SUMMARY: In my consulting practice, I recommend an incremental, ‘bottom-up’ implementation methodology, similar to that advocated by Ralph Kimball. This has proven to be a successful deployment approach to ensure a short-term return on investment with minimal project risk, while still delivering a data warehousing architecture that provides a standardized, enterprise wide view of information. This column describes a typical project plan based on a bottom-up implementation methodology.
* REQUIREMENT FOR BOTTOM-UP DEVELOPMENT
I receive numerous e-mails from both technical and business managers who have become extremely frustrated by the inordinate amount of time and effort required to build data warehouses using traditional, top-down development techniques. Due to the large amount of effort required up front to perform user interviews and enterprise data modeling, organizations using top-down techniques often wait 12 to 14 months to get any return on investment. In some cases, managers complain that they have worked with a systems integrator on a top-down development project for over two years without obtaining any solution to their business problem.

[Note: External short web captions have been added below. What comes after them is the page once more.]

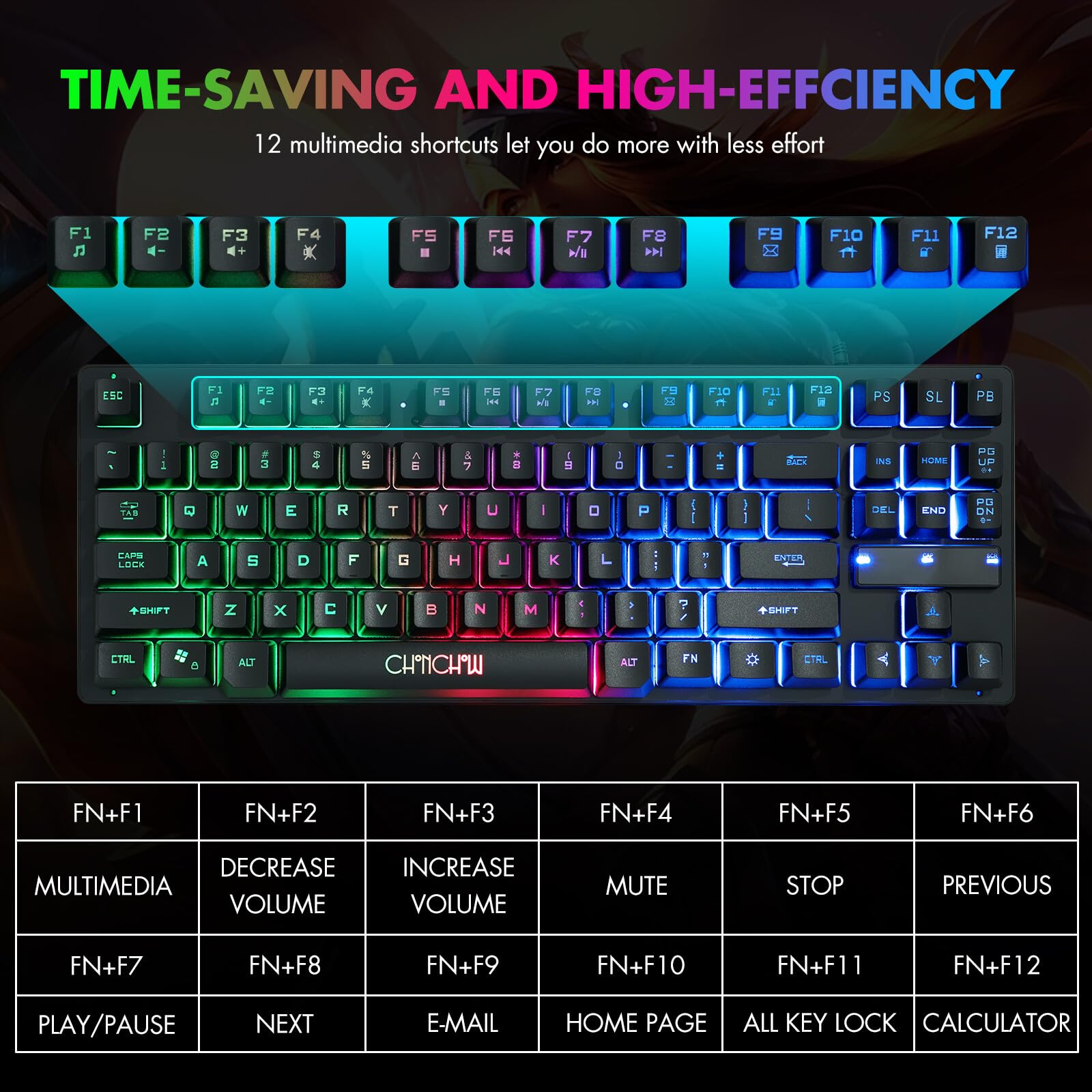 CHONCHOW 87 Keys TKL Gaming Keyboard and Mouse Combo, Wired LED Rainbow Backlit Keyboard 800-3200 DPI RGB Mouse, Gaming for PS4 Xbox PC Laptop Mac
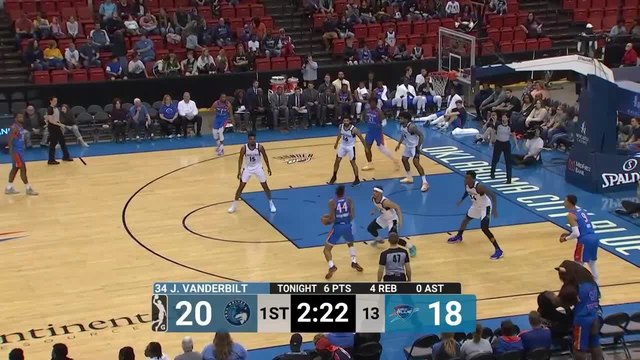 Markel Brown (18 points) Highlights vs. Iowa Wolves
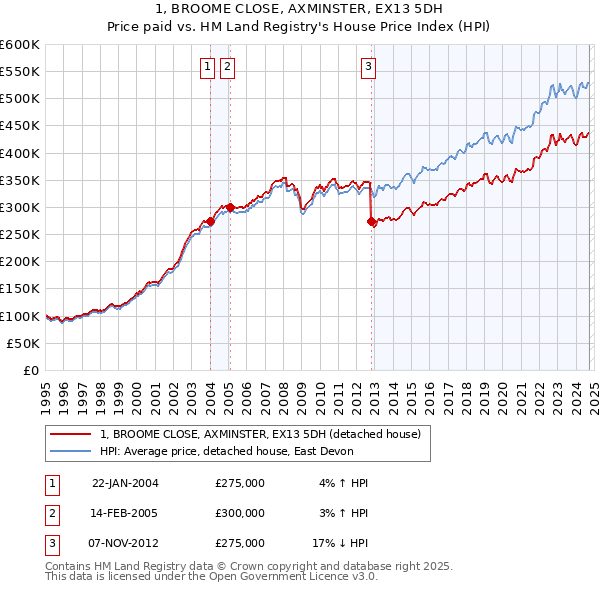 1, BROOME CLOSE, AXMINSTER, EX13 5DH: Price paid vs HM Land Registry's House Price Index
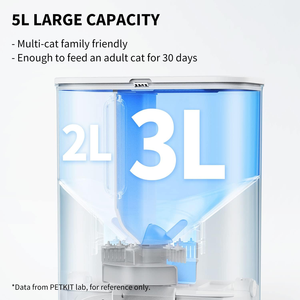 <span class=keywords><strong>Petkit</strong></span> YumShare Dual-hopper con fotocamera <span class=keywords><strong>mangiatoia</strong></span> <span class=keywords><strong>automatica</strong></span> <span class=keywords><strong>per</strong></span> <span class=keywords><strong>gatti</strong></span> Dispenser di cibo secco <span class=keywords><strong>per</strong></span> animali domestici di grande capacità <span class=keywords><strong>per</strong></span> cani e <span class=keywords><strong>gatti</strong></span> - Product Image 4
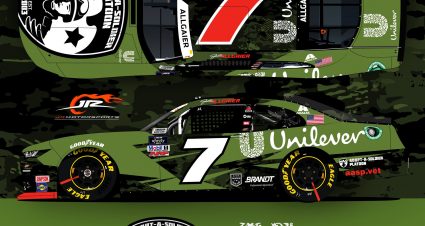 Justin Allgaier Charlotte 2022 Scheme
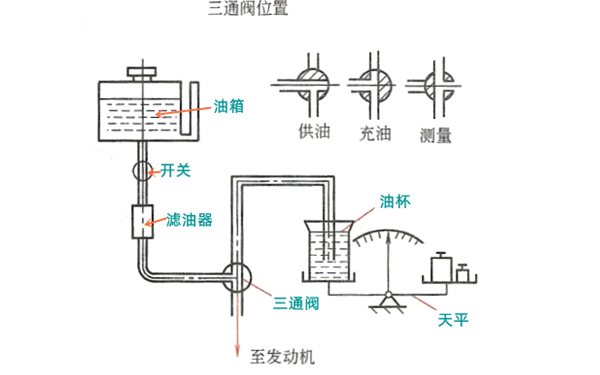 燃油消耗量質(zhì)量法的測量方法-柴油發(fā)電機組.png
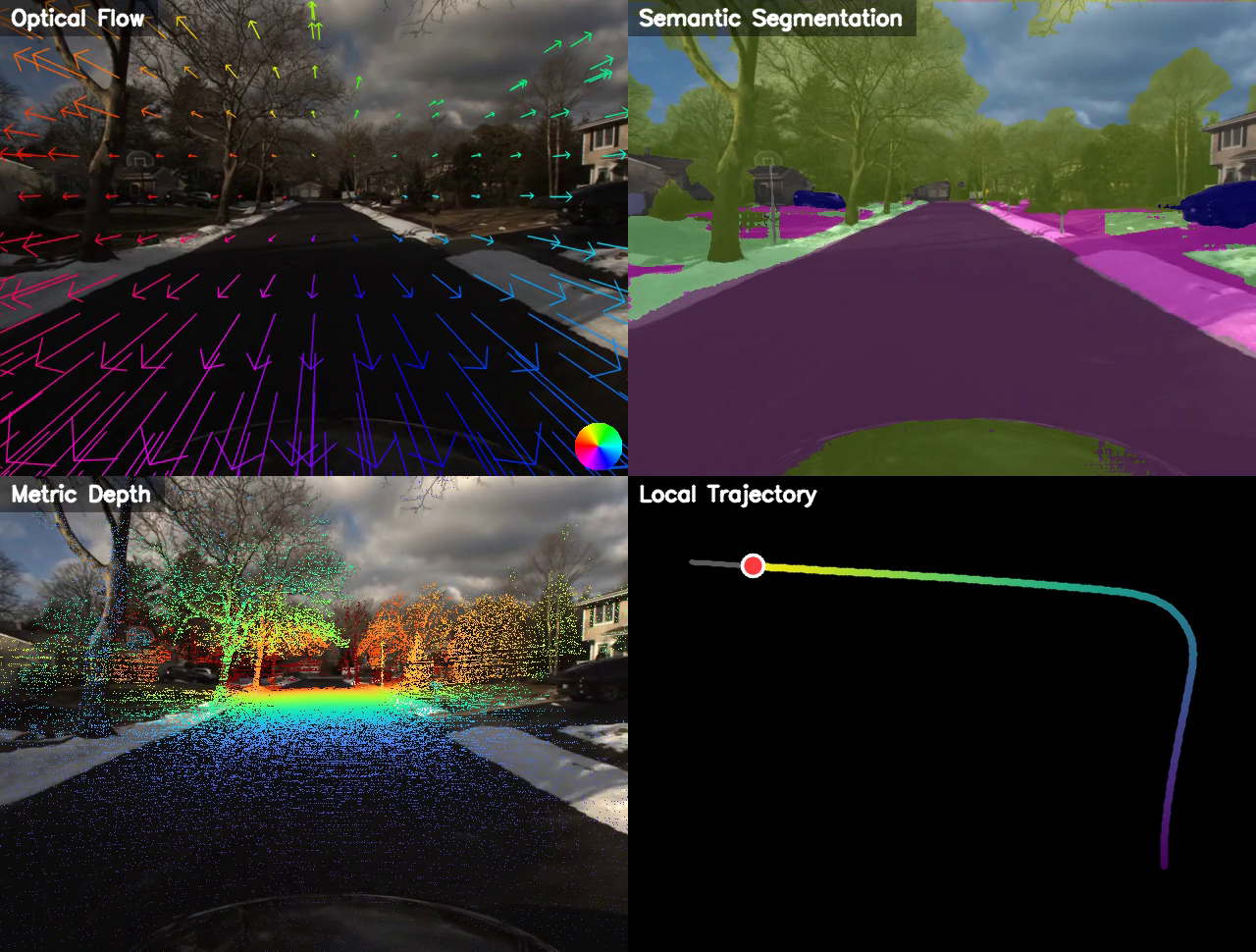 Ground-truth modalities: optical flow, semantic segmentation, metric depth, and local trajectory
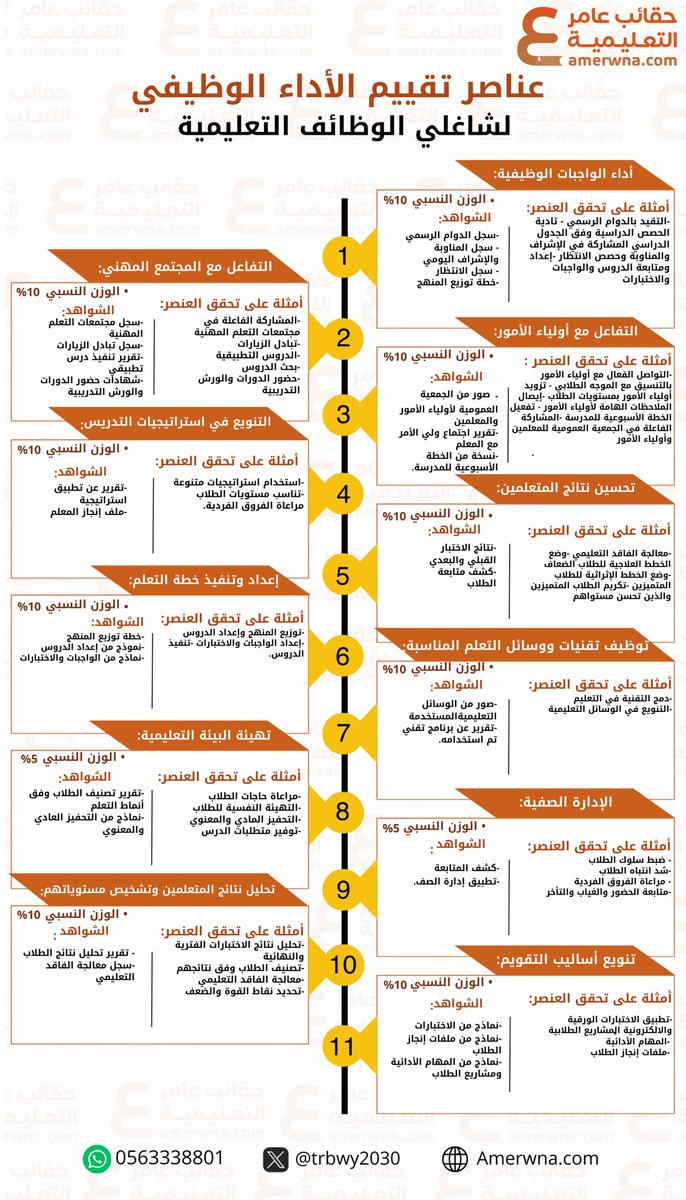 Trbwy2030's tweet photo. للمعلمين والمعلمات 💬

عناصر تقييم ✍🏼

#الأداء_الوظيفي_الجديد_للمعلمين 

وضحناها بالتفصيل في تصميم واحد ⤵️

فضلها ♥️ وساهم بنشرها للفائدة 👏🏻 https://t.co/4kmBApTAsu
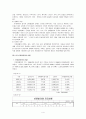 [시장경제]신용불량자의 개념과 신용불량자가 사회에 미치는 영향 4페이지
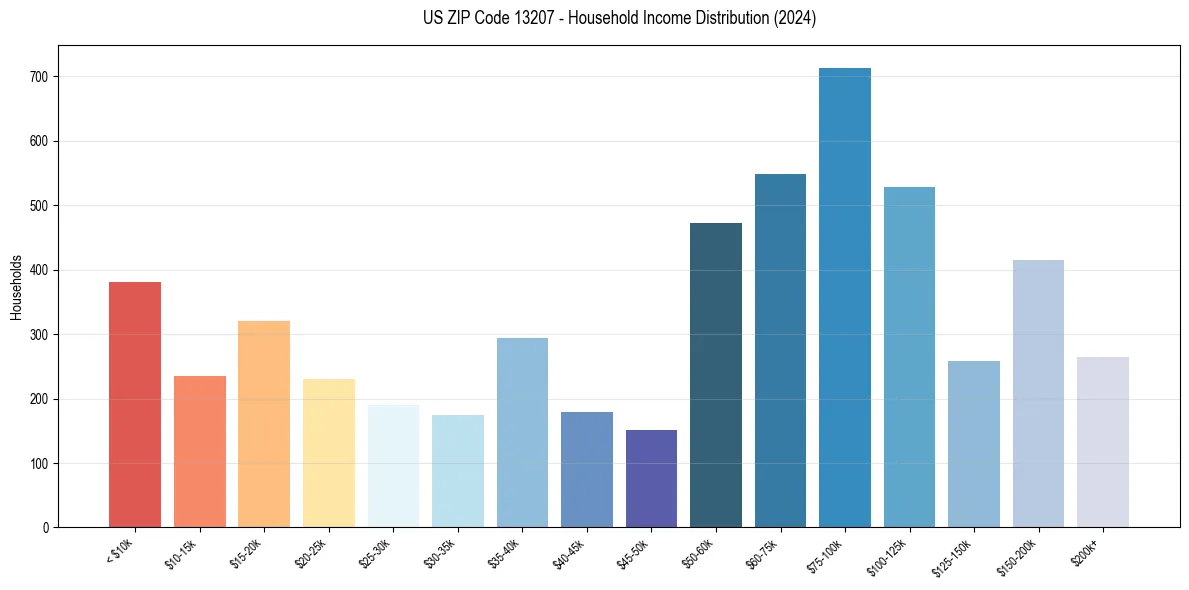 Income Distribution for 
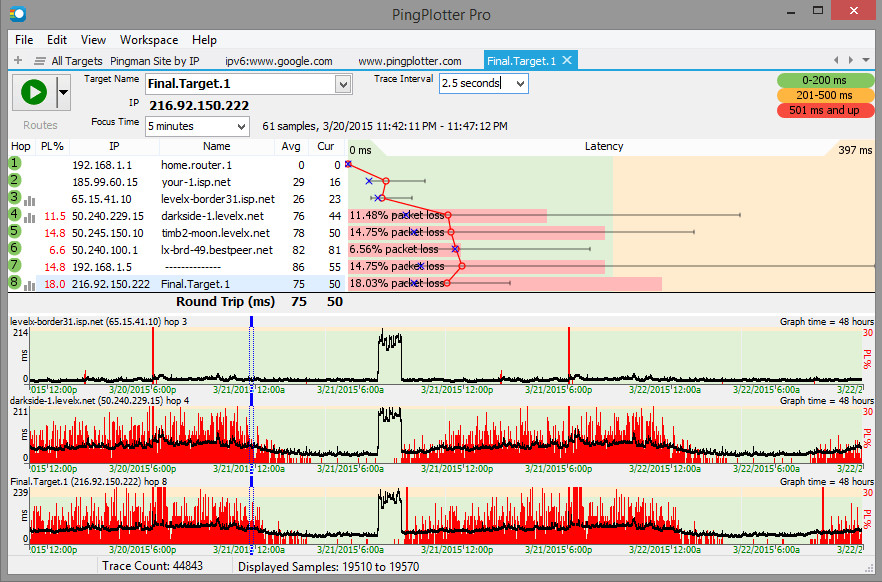 pingplotter hops 7 big ping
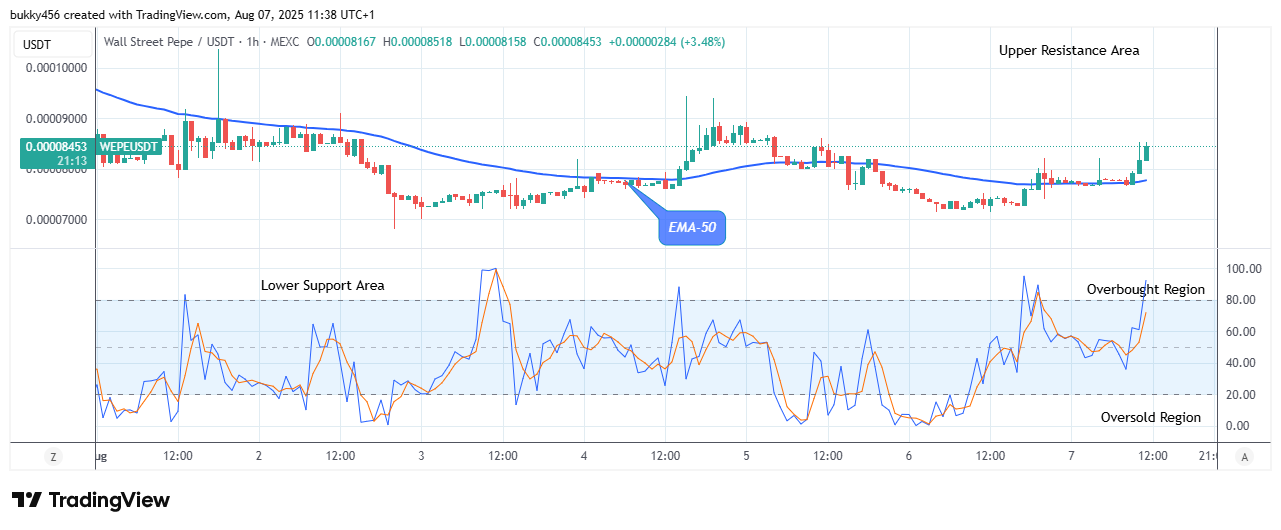 Wall Street Pepe Price Prediction for Today, August 9: WEPEUSDT Price Exhibits a Fundamental Increase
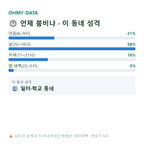 남산면 맛보기
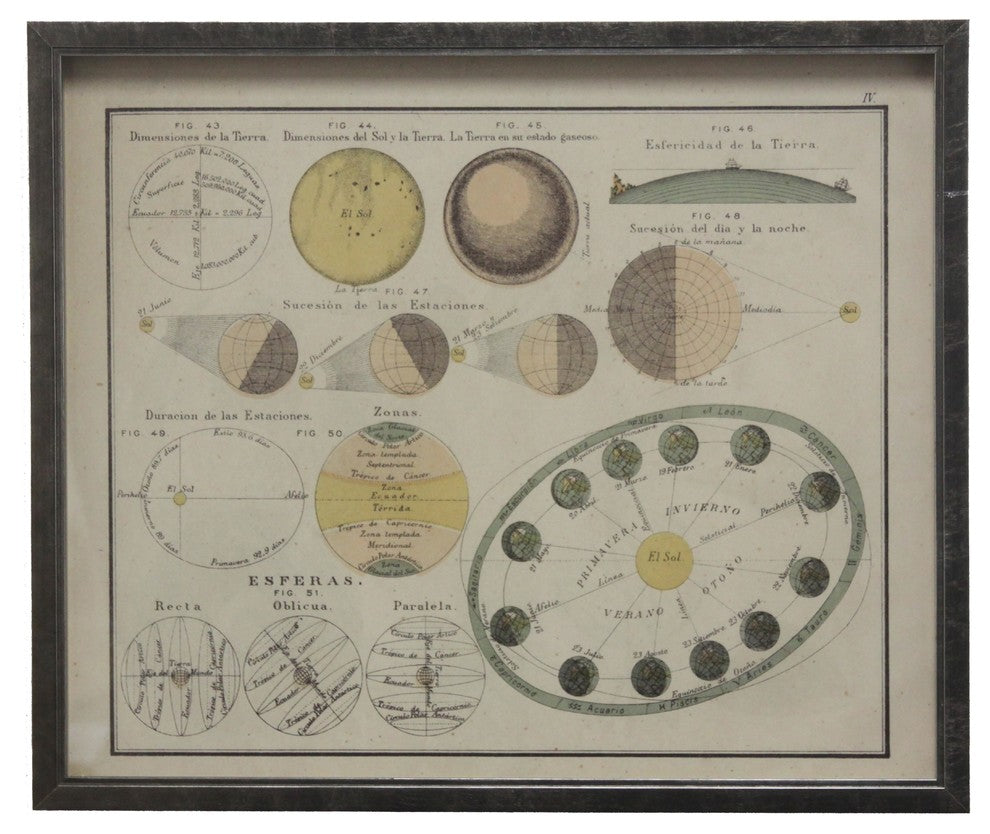 Planets Print Iv, Pewter Shadowbox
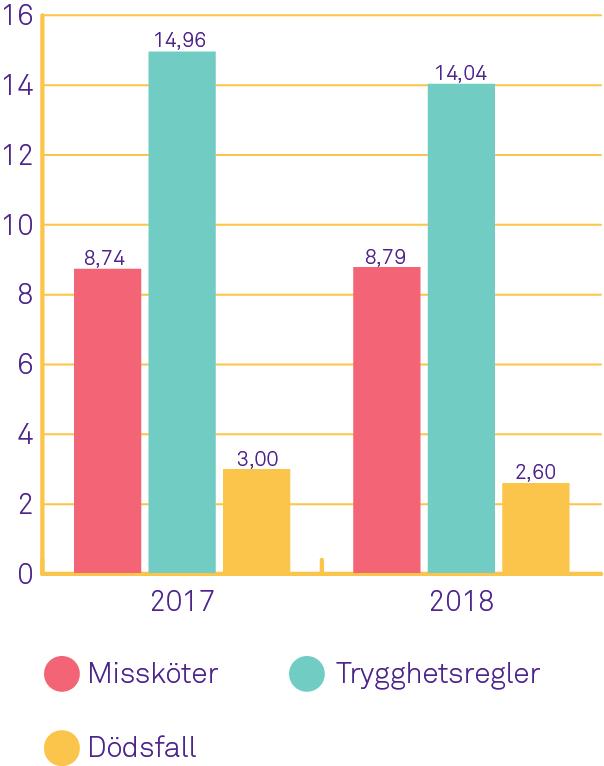 Reserveringar utifrån de personer som missköter sina betalningar De reserveringar för låneförluster som beror på personer som missköter sina betalningar eller bedöms komma att missköta sina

As described in previous articles, a bottom-up development approach directly addresses the need for a rapid solution of the business problem, at low cost and low risk. A typical requirement is to develop an operational data mart for a specific business area in 90 days, and develop subsequent data marts in 60 to 90 days each. The bottom-up approach meets these requirements without compromising the technical integrity of the data warehousing solution. Data marts are constructed within a long-term enterprise data warehousing architecture, and the development effort is strictly controlled through the use of logical data modeling techniques and integration of all components of the architecture with central meta data.
* PROJECT PLAN
The representative project plan described below is based on an incremental, ‘bottom-up’ implementation methodology. In my experience, this has been the most successful deployment approach to ensure a short-term return on investment with minimal project risk, while still delivering a data warehousing architecture that provides a standardized, enterprise-wide view of information.
The project plan breaks down into three major phases, as follows:
1. Data Warehouse Requirements and Architecture – gather user requirements through a series of requirements interviews, assess the current IT architecture and infrastructure, along with current and long-range reporting requirements, and develop an enterprise data warehousing framework that will provide maximum flexibility, generality and responsiveness to change. Define functional requirements for the initial data mart within the enterprise architecture. Optionally, conduct a Proof-of-Concept demonstration to select enterprise-class ETL and/or BI tools.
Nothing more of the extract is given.